Regular expressions provide a power mechanism for replacing some text with outer text

better_text = re.sub(r"data science", r"schmada science", text)

To include text that was remembered in the matching using groups, use the escaped sequences \1, \2, … in the substitution text

better_text = re.sub(r"(\w+)\s([Ss])cience", r"\1 \2hmience", text)

Ordering and greedy matching

There is an order of operations in regular expressions

abc|def matches the strings "abc" or "def", not "ab(c or d)ef". You can get around this using parenthesis e.g. a(bc|de)f This also creates a group, use a(?:bc|de)f if you don’t want to capture it.

By default, regular expressions try to capture as much text as possible (greedy matching). You can make them match the shortest possible string instead using ?. This is called lazy matching.

re.match(r"\(.*\)", "(1 + 2) * (3 + 4)").group(0) # '(1 + 2) * (3 + 4)'
re.match(r"\(.*?\)", "(1 + 2) * (3 + 4)").group(0) #'(1 + 2)'

进一步阅读资料Regular Expression HOWTO.

Application: Yelp

从Yelp提取符合条件的餐厅的评论。Yelp认证使用API Keys, 在注册账号、生成Key之后,通过Yelp Search API ( API documentation ),可以根据地址、类别等关键字查询相应的商业服务。

all_restaurants(api_key, query)方法根据给定地区(query)和密钥(api_key)查询该地区所有的餐厅。
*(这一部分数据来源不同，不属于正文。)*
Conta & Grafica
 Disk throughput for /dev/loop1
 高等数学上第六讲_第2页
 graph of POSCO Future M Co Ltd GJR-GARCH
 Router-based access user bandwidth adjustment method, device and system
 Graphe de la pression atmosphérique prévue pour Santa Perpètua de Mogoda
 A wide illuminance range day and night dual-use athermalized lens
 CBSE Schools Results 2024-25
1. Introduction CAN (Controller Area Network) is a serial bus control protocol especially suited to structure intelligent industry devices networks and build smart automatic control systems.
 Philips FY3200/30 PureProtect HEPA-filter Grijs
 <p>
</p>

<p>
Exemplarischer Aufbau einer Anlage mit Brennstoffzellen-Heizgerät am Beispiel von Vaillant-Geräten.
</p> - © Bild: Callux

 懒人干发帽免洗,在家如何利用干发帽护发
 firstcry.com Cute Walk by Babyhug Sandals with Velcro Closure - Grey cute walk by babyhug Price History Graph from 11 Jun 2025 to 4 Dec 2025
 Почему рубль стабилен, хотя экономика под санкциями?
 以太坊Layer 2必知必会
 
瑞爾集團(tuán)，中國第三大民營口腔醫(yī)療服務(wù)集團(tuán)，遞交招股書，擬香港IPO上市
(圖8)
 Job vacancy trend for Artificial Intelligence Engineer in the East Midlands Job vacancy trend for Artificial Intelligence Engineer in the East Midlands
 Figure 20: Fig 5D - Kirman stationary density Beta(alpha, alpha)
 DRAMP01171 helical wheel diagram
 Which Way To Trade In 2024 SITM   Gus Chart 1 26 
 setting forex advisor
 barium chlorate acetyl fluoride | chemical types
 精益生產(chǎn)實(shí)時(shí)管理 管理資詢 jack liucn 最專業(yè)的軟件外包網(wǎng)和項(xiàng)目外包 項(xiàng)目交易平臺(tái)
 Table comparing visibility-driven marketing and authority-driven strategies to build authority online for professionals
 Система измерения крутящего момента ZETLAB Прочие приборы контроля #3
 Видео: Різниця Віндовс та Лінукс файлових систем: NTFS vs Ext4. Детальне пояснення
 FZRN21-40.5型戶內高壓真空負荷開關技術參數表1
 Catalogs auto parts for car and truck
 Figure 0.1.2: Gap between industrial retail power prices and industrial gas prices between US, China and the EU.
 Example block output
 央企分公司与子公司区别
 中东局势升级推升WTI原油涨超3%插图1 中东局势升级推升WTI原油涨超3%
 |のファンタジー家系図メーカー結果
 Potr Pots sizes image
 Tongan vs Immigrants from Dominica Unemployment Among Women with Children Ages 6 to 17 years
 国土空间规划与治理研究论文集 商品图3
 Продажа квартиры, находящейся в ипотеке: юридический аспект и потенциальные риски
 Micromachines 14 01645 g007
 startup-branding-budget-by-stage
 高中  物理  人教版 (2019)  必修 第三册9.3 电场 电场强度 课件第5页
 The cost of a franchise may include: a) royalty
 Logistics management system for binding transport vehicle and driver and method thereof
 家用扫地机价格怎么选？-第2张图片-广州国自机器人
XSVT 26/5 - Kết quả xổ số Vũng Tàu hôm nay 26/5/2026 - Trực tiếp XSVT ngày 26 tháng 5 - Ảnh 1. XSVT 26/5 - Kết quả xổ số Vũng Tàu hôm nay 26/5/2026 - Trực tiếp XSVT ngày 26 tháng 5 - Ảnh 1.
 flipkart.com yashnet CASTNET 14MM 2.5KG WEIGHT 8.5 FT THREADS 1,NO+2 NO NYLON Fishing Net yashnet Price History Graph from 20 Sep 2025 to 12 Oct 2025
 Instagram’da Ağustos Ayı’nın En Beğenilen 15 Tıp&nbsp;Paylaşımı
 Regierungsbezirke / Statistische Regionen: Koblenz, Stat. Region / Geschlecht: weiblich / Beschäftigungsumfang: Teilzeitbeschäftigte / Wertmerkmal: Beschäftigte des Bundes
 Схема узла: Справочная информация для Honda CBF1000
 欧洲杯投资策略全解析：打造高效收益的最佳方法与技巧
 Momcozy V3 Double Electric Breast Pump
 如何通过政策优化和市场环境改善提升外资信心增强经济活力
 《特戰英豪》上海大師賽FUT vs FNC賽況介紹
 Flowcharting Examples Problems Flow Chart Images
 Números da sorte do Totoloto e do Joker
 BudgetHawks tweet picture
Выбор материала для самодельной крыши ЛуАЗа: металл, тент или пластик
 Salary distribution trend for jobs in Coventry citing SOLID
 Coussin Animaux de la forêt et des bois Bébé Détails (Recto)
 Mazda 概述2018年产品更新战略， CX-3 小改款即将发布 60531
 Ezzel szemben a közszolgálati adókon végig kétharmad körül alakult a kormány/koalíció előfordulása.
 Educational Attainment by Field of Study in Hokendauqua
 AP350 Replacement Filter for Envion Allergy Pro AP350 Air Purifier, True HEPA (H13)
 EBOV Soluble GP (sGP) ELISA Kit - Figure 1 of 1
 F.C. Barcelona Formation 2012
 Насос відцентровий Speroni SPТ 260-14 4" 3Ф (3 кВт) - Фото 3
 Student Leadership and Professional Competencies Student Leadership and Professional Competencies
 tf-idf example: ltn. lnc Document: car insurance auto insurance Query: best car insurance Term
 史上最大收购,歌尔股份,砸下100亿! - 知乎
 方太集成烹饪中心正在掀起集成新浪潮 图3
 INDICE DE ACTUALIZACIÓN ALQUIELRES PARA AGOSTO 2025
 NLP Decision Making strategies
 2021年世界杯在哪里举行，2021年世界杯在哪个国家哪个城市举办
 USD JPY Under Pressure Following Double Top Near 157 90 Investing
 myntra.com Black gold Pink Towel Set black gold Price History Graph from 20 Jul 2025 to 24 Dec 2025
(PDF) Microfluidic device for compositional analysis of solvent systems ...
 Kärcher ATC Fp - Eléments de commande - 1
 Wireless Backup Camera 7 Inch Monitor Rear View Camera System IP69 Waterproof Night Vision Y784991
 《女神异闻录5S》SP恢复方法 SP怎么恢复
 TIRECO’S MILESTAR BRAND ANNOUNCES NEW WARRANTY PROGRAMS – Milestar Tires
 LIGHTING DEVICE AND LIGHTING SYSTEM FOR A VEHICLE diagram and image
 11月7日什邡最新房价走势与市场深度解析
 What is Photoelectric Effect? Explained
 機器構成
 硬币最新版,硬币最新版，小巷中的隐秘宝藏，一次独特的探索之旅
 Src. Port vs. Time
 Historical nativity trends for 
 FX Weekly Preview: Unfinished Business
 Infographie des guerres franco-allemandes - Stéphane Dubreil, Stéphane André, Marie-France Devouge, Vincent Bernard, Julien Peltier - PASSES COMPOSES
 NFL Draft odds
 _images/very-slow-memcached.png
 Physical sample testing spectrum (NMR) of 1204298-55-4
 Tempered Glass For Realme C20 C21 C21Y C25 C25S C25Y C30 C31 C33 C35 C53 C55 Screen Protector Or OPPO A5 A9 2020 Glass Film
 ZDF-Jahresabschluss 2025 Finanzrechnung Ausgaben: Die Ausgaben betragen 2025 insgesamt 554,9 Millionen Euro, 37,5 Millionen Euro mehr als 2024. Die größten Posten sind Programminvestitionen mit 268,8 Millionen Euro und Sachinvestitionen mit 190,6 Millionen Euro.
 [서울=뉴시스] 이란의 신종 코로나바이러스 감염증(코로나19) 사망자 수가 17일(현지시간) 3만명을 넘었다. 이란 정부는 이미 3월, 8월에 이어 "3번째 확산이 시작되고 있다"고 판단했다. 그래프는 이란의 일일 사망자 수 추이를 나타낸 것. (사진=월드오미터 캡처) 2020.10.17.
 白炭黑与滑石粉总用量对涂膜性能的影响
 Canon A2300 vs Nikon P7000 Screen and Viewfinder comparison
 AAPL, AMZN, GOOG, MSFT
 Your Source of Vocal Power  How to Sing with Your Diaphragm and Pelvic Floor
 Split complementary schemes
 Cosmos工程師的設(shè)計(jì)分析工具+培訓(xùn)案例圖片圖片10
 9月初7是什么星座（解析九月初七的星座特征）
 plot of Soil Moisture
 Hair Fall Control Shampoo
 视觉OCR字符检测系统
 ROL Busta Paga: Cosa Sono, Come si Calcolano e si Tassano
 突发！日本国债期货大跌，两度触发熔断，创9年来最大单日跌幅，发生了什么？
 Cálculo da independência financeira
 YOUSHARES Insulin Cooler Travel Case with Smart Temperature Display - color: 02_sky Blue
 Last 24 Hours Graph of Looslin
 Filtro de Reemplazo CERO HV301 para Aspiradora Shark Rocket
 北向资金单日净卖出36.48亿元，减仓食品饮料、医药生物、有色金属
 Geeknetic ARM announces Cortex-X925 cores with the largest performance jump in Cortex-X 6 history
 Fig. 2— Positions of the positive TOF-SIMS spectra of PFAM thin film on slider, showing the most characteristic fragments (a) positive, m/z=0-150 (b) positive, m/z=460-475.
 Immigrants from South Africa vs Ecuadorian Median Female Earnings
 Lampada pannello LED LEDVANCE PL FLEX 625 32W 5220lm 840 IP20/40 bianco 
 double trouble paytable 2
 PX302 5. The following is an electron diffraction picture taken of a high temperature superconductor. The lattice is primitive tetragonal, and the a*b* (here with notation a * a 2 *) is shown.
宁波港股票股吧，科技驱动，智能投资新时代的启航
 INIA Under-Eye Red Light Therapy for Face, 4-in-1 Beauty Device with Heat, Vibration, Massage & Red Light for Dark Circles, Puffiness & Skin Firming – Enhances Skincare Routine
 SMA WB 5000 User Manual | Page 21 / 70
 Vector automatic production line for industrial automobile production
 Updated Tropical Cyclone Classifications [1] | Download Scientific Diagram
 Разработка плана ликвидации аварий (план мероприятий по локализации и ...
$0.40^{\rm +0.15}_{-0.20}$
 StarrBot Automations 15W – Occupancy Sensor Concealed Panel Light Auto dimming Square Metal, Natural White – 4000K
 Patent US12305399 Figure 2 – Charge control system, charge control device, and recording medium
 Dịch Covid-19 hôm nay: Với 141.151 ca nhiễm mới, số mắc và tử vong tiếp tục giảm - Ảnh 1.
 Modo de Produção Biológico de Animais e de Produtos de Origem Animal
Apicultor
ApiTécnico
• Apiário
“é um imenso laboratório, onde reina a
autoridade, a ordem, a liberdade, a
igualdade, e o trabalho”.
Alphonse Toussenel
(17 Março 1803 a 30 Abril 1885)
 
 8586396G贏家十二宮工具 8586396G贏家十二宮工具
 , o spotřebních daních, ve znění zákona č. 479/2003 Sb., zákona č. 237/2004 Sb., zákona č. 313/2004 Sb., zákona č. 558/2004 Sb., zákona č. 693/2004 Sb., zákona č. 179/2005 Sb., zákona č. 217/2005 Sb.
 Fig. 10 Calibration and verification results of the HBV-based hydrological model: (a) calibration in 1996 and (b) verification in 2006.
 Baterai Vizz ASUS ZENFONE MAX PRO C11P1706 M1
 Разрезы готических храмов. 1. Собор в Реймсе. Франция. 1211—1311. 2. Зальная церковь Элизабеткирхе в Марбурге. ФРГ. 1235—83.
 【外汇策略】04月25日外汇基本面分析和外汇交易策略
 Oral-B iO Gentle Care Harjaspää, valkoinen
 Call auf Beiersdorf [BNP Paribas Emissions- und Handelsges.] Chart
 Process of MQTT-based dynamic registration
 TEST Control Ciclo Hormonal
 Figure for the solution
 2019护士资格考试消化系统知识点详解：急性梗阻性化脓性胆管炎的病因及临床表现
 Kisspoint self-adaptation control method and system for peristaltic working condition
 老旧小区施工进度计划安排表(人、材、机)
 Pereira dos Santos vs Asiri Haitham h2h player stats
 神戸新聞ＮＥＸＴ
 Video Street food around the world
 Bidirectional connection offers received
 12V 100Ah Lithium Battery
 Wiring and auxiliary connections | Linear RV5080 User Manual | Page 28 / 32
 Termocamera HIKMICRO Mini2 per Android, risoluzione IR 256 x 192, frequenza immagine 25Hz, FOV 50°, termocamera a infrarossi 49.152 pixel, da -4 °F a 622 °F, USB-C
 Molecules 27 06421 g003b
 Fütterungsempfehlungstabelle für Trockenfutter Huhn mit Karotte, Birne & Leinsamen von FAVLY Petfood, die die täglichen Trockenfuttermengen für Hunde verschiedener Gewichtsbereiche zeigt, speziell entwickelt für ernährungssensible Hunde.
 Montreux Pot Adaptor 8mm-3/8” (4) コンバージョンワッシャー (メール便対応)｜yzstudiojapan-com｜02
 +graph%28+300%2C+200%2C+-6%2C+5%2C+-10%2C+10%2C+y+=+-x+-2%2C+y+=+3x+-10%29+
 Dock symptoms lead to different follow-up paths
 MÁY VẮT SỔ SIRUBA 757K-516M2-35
该方法每次查询50(limit=50)个餐厅。

def all_restaurants(api_key, query):
    """
    Retrieve ALL the restaurants on Yelp for a given query.
    Args: query (string): Search term
    Returns: results (list): list of dicts representing each business
    """
    url = 'https://api.yelp.com/v3/businesses/search'
    headers = {'Authorization': 'Bearer ' + api_key}
    limit = 50
    offset = 1
    data = []
    while len(data) % limit == 0:
        params={'location':query, 'categories': 'Restuarants', 
                'limit':limit, 'offset': offset}
        r = requests.get(url, headers=headers, params=params)
        businesses = json.loads(r.text)['businesses']
        if len(businesses) == 0:
            break
        data.extend(list(map(lambda x: x['name'], businesses)))
        offset += limit
        time.sleep(0.5)
    return data

接下来解析从API获取的信息,解析出符合目标的餐厅的网址:

def parse_api_response(data):
    """
    Parse Yelp API results to extract restaurant URLs.
    Args: data (string): String of properly formatted JSON.
    Returns: a list of URLs as strings from the input JSON.
    """
    businesses = data['businesses']
    return list(map(lambda x : x['url'], businesses))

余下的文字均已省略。